# Short descriptive text snippets
● ● ● ● ●
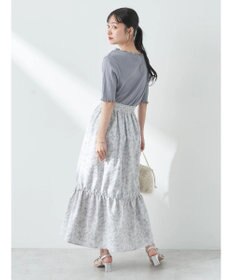 earth music&ecology フラワーティアードテックスカート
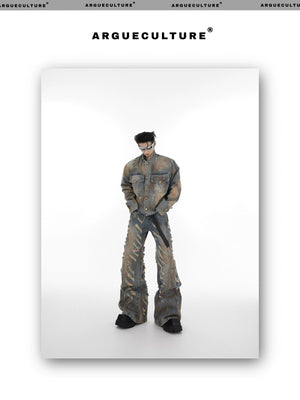 desc::wasteland-distressed-denim-set-cropped-jacket-flare-jeans-detail-img-9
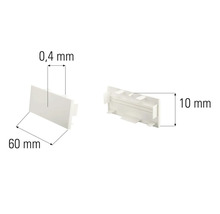 Kunststof afdekkap, 60 mm breed, 0,4 mm dik en 10 mm hoog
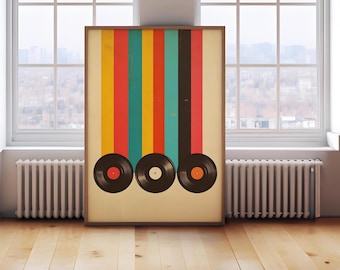 Retro Vinyl Record Wall Art - Vintage Music Poster, Mid-Century Modern Decor, Colorful Abstract Music Print, Retro Aesthetic Room Art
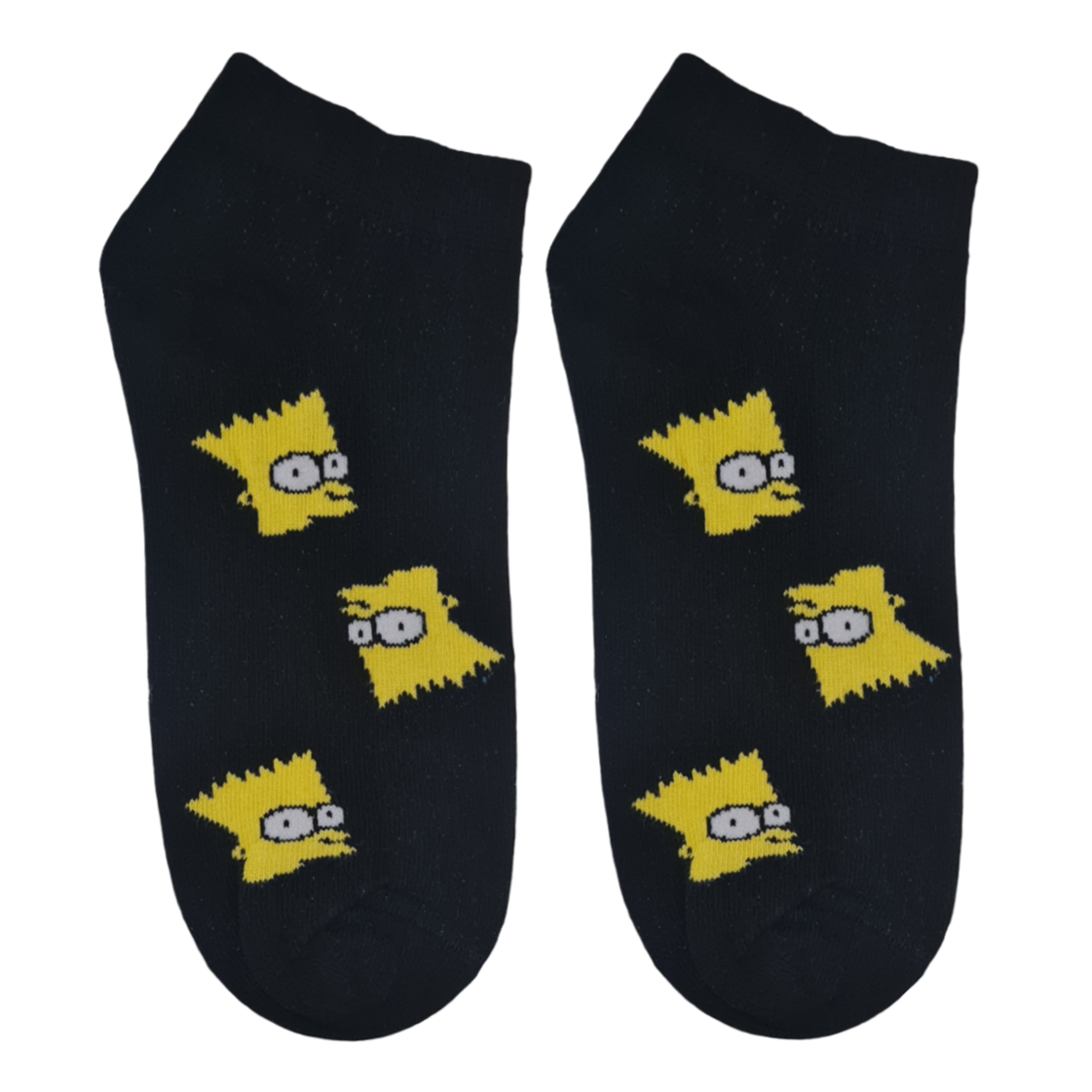 Black socks with yellow cartoon character design called Bart Simpson on a black background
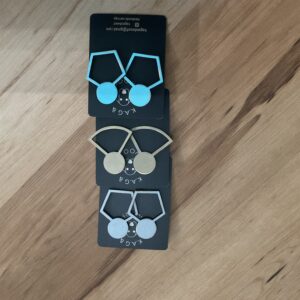 Geometric  painted wood distressed earrings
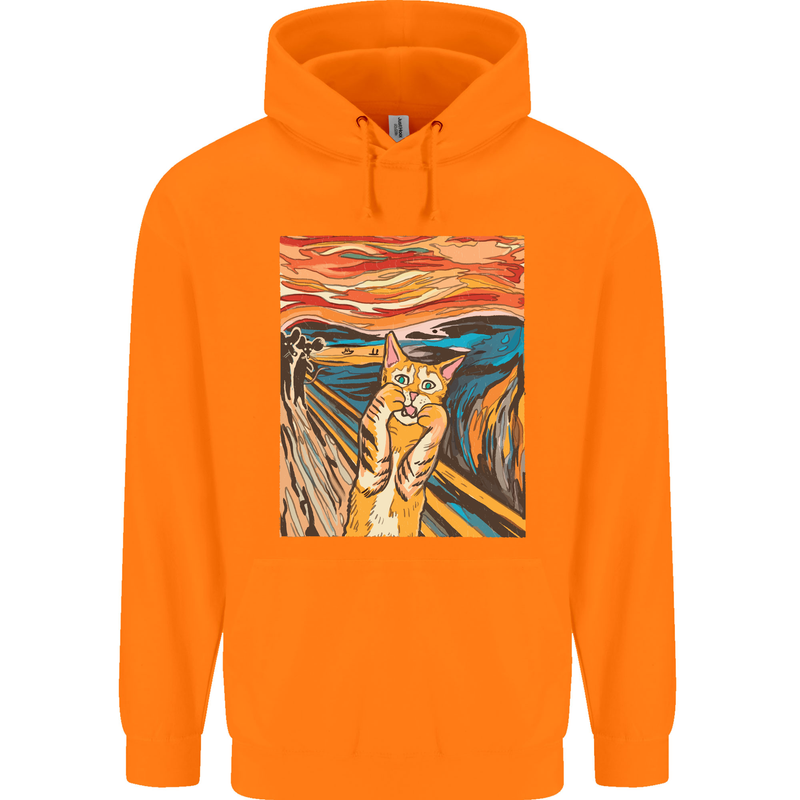 Cat Scream Painting Parody Mens 80% Cotton Hoodie Orange
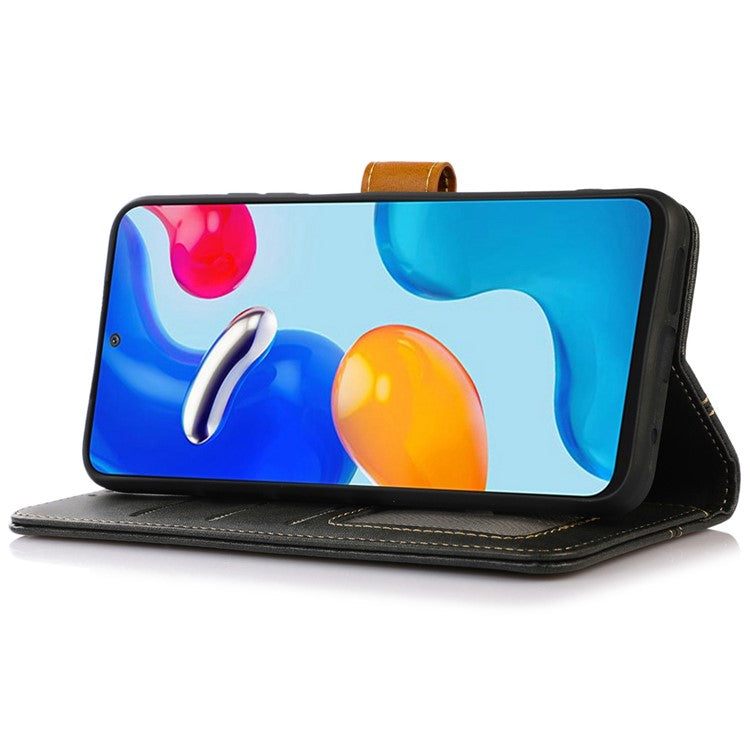 Calf Texture Phone Leather Case for Honor X7a 5G Stand Wallet Mobile Phone Cover - Black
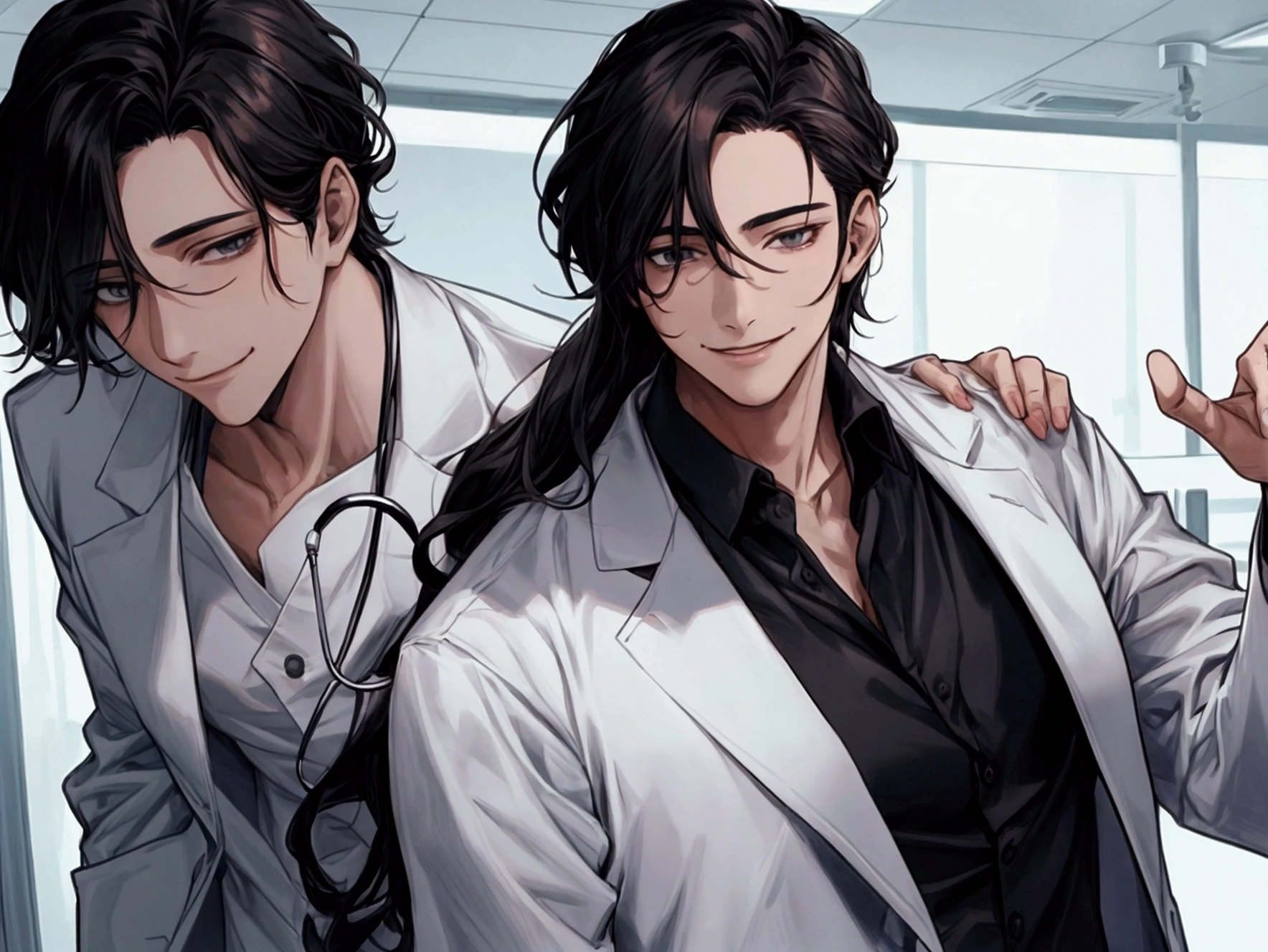 masterpiece,Dynamic Angle,Face close-up,masterpiece,30 year old mature male doctor，Horny,smile,One person、excited,transformation,Black Hair,Slightly longer hair, Scientist,Wear a white coat as a doctor&#39;s outfit，（White Undershirt 1.5）,The background is the laboratory.,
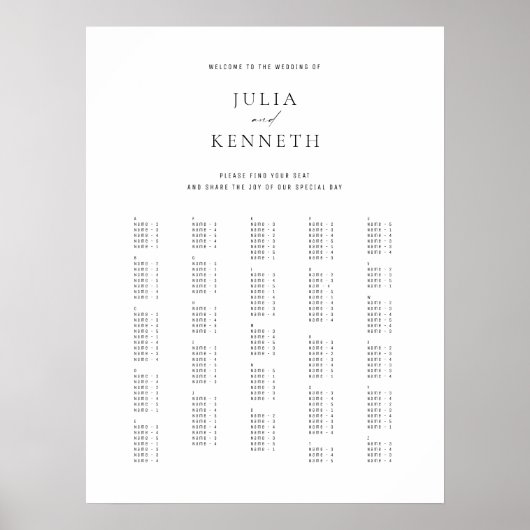 Poster Signe Mariage alphabétique classique (Devant)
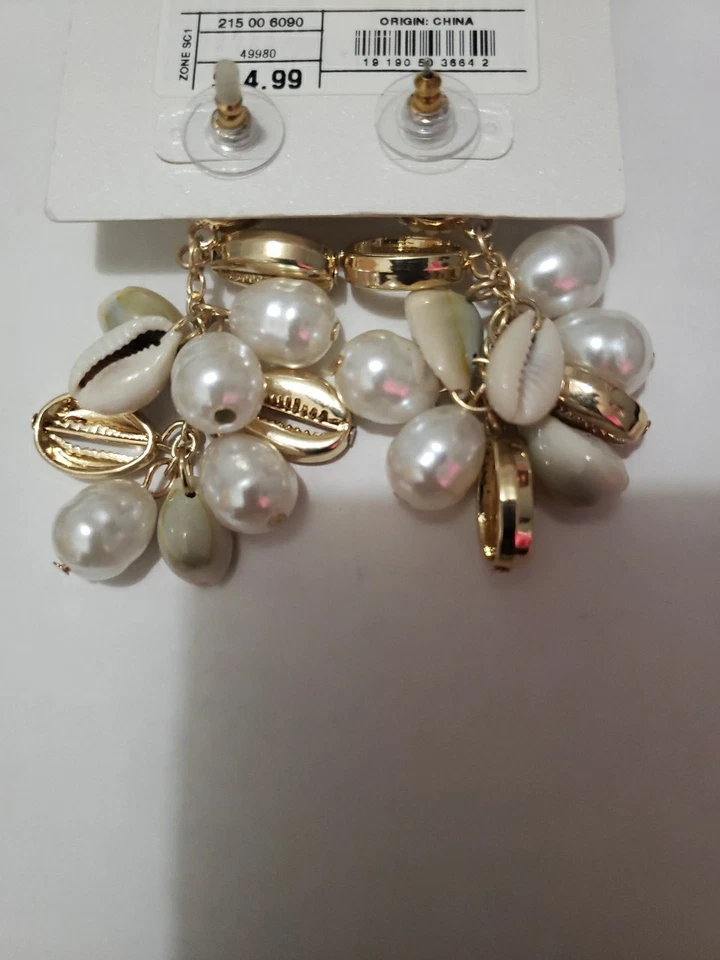 Sugarfix By Baublebar Earrings Nickel Free Pearl Shell Drop Gold Stud Dangles - Image 3 of 4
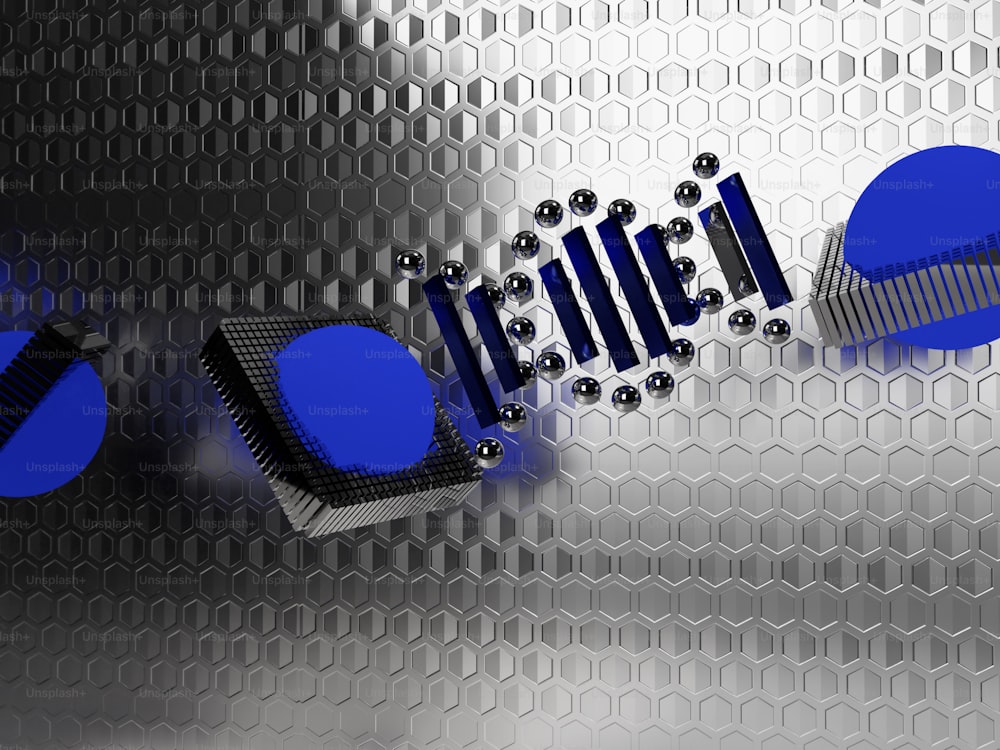 a metal background with blue and black circles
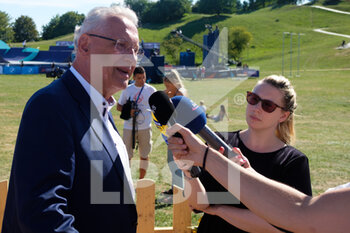 2022-08-10 - 10.8.2022, Munich, Olympiapark, European Championships Munich 2022: Opening press conference, Joachim Herrmann (Bavarian Minister of the Interior, for Sport and Integration) giving interviews - EUROPEAN CHAMPIONSHIPS MUNICH 2022: OPENING PRESS CONFERENCE - INTERNATIONALS - ATHLETICS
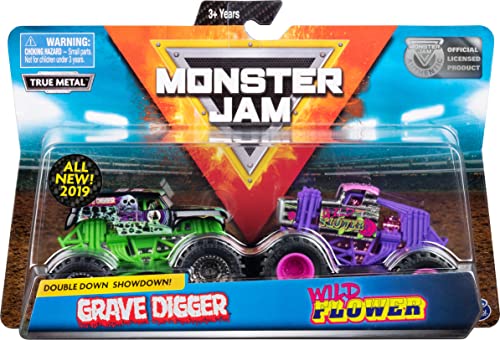 Monster Jam, Official Grave Digger vs. Wild Flower Die-Cast Monster Trucks, 1:64 Scale, 2 Pack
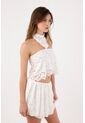 Tennis Top Crop Holgado Con Cuello Halter Cruzado En Encaje Blanco Para Mujer de Tennis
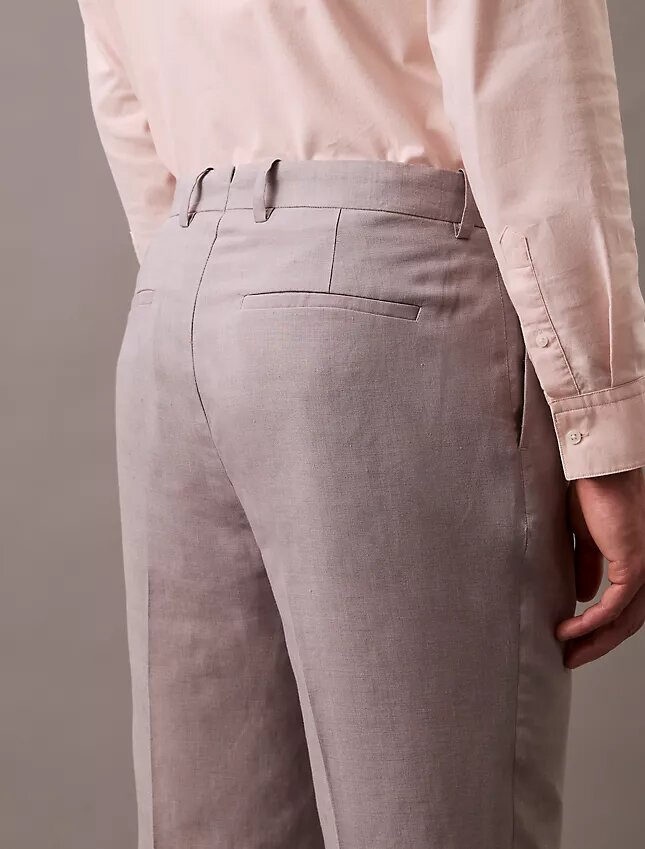 Linen Blend Pleated Trousers Linen Blend Pleated Trousers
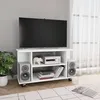 Image de vidaXL Meuble TV avec roulettes blanc 80x40x45 cm bois d'ingÃ©nierie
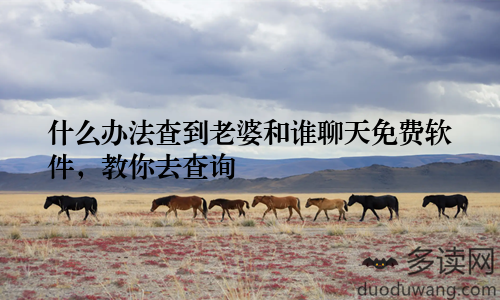 什么办法查到老婆和谁聊天免费软件，教你去查询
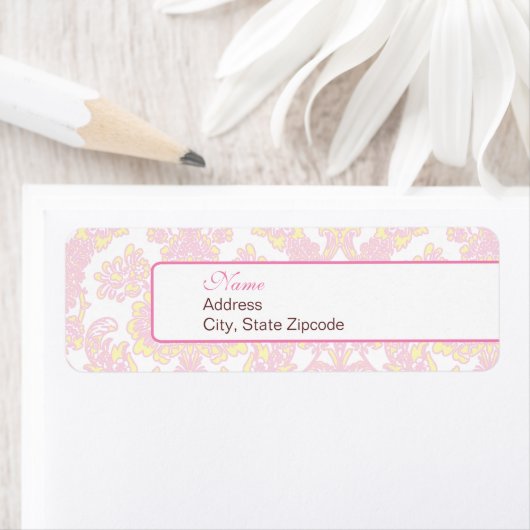 Elegantes, rosa und gelbes Damaskus-Adressetikett (Insitu)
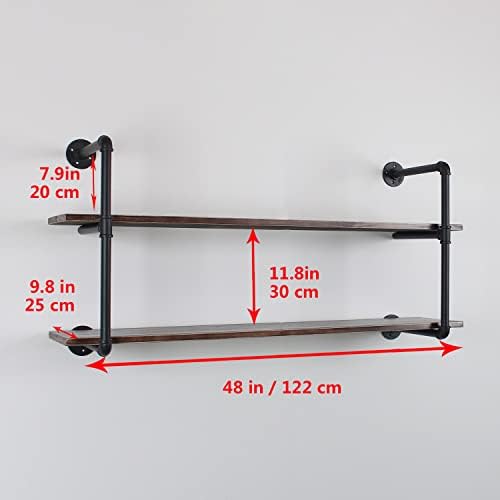 MBQQ Industrial Retro Pipe Shelf 48in 2 Tier Wall Mounted,Rustic Floating Shelves,Farmhouse Kitchen Bar Shelving,Home De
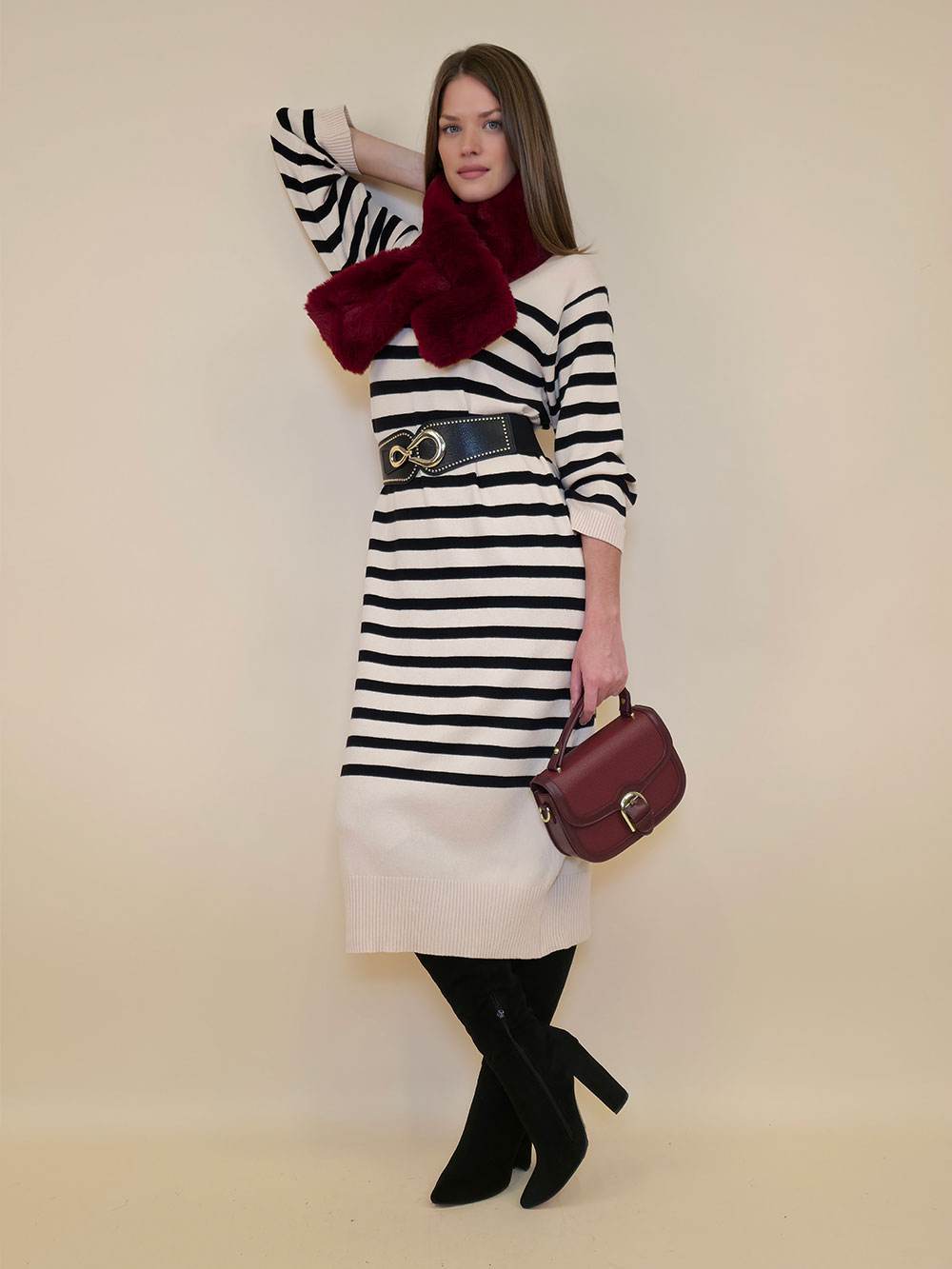 Haljina 56 Arimo - plt crne pruge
● ● ● ● ●
# The problem
Take the lines from the first line of the entries through the line with "Image de vidaXL", inclusive, and give them again exactly, minus any pictures.

# Result
 earth music&ecology フラワーティアードテックスカート
 desc::wasteland-distressed-denim-set-cropped-jacket-flare-jeans-detail-img-9
 Kunststof afdekkap, 60 mm breed, 0,4 mm dik en 10 mm hoog
 Retro Vinyl Record Wall Art - Vintage Music Poster, Mid-Century Modern Decor, Colorful Abstract Music Print, Retro Aesthetic Room Art
 Black socks with yellow cartoon character design called Bart Simpson on a black background
 Geometric  painted wood distressed earrings
 Cat Scream Painting Parody Mens 80% Cotton Hoodie Orange
 Calf Texture Phone Leather Case for Honor X7a 5G Stand Wallet Mobile Phone Cover - Black
 masterpiece,Dynamic Angle,Face close-up,masterpiece,30 year old mature male doctor，Horny,smile,One person、excited,transformation,Black Hair,Slightly longer hair, Scientist,Wear a white coat as a doctor&#39;s outfit，（White Undershirt 1.5）,The background is the laboratory.,
 Poster Signe Mariage alphabétique classique (Devant)
 Sugarfix By Baublebar Earrings Nickel Free Pearl Shell Drop Gold Stud Dangles - Image 3 of 4
 a metal background with blue and black circles
 2022-08-10 - 10.8.2022, Munich, Olympiapark, European Championships Munich 2022: Opening press conference, Joachim Herrmann (Bavarian Minister of the Interior, for Sport and Integration) giving interviews - EUROPEAN CHAMPIONSHIPS MUNICH 2022: OPENING PRESS CONFERENCE - INTERNATIONALS - ATHLETICS
 Monster Jam, Official Grave Digger vs. Wild Flower Die-Cast Monster Trucks, 1:64 Scale, 2 Pack
 Tennis Top Crop Holgado Con Cuello Halter Cruzado En Encaje Blanco Para Mujer de Tennis
 Linen Blend Pleated Trousers Linen Blend Pleated Trousers
 Image de vidaXL Meuble TV avec roulettes blanc 80x40x45 cm bois d'ingÃ©nierie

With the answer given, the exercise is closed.